By the time we arrived at the back door of our building, I was frozen. As Chuck fumbled the key into the lock, the door opened from the inside, and Tony’s face appeared, smiling at us goofily. “Boy, am I glad to see you guys!”

“Not as glad as we are to see you!”

Chuck and I had our headlamps on, but Tony had been sitting in the dark. We asked him why. So he wouldn’t attract attention, he said, and we left it at that.

Tony stayed behind to lock up and clean the floor, telling us to get upstairs and that everyone was worried sick. In a jolly mood we began climbing the stairs, pulling open our layers of clothing and taking off our hats and gloves, enjoying the comparative warmth and the thought of a hot meal and coffee and a warm bed.

Reaching the sixth floor, we stopped, and taking a deep breath, I opened the door. I expected to hear Luke come running, and I jumped out to surprise him.

Instead, I was met by a mob of scared, unknown faces.

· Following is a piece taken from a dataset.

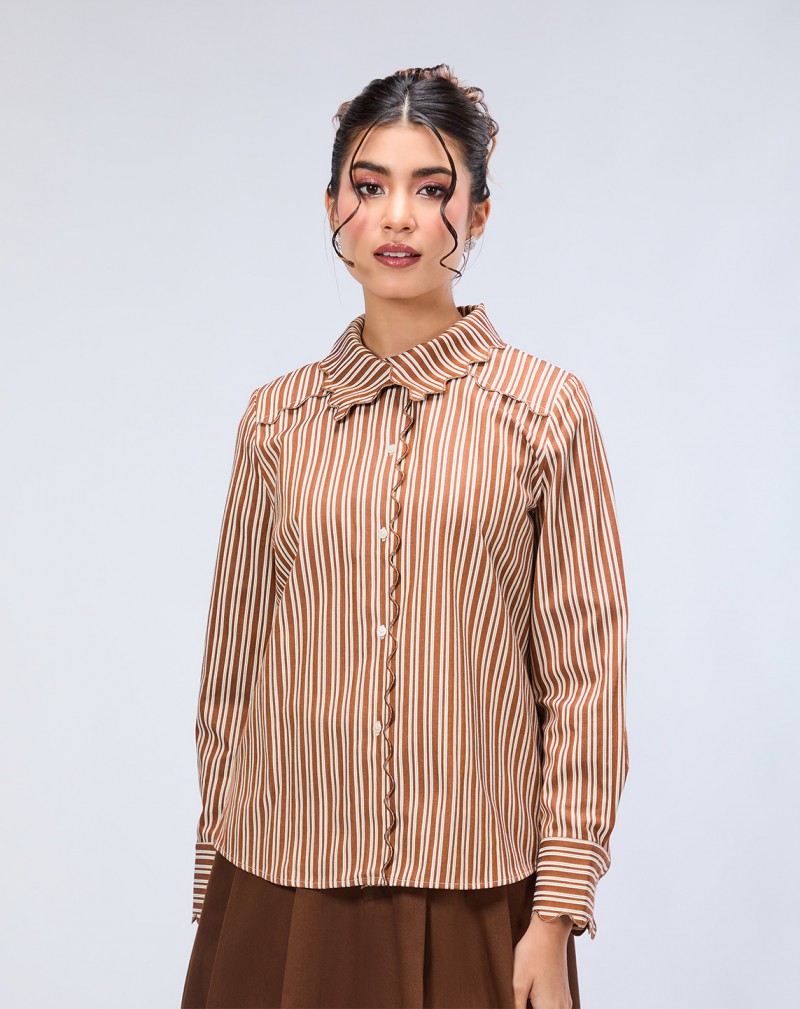 EULA BLOUSE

A large homeless man was spread out on the couch outside my apartment door, and a mother and two young children cowered on the Borodins’ couch. At least a dozen more people I didn’t know were crowded into the hallway. A young man wrapped in one of Richard’s expensive duvets got up and extended his hand toward me, but Chuck burst through the door and pointed his .38 right in the kid’s face.

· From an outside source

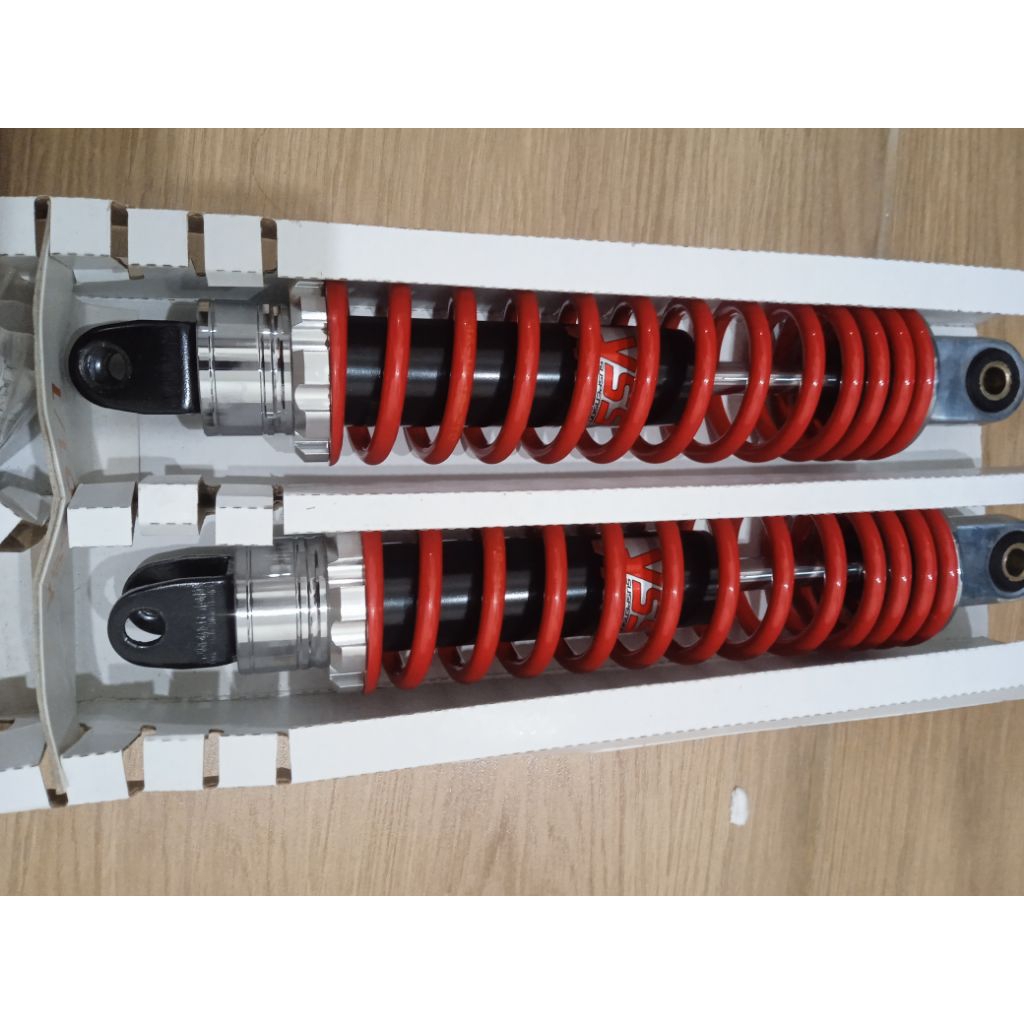 shock absorber yss pro z skywave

“What have you done with Susie and Lauren?”

The kid held his hands up and gestured at Chuck’s apartment. “Everything’s fine. They’re in there.”

Behind us, Tony came charging up the stairs. “Wait, wait, I forgot!”

Chuck was still pointing his gun at the kid’s face as Tony appeared in the doorway behind us, huffing and puffing. He put a hand on Chuck’s gun, lowering it. “I let these guys in.”

“You did what?” yelled Chuck. “Tony, that is not your decision to make—”

“No, it was my decision,” said Susie, coming out of their apartment. She bear-hugged Chuck.

Lauren appeared in the doorway, with Luke at her feet. She ran to embrace me. “I thought something had happened to you,” she whispered in my ear between happy sobs.

“I’m fine, baby, I’m fine.”

With a deep breath, she released me, and I leaned down to kiss Luke, who was hugging one of my legs.

“We okay?” asked the kid, his hands still in the air. He looked like he’d had a rough time of it.

“I guess so,” Chuck replied, putting his gun away. “What’s your name?”

“Damon,” said the kid, reaching out to shake my hand. “Damon Indigo.”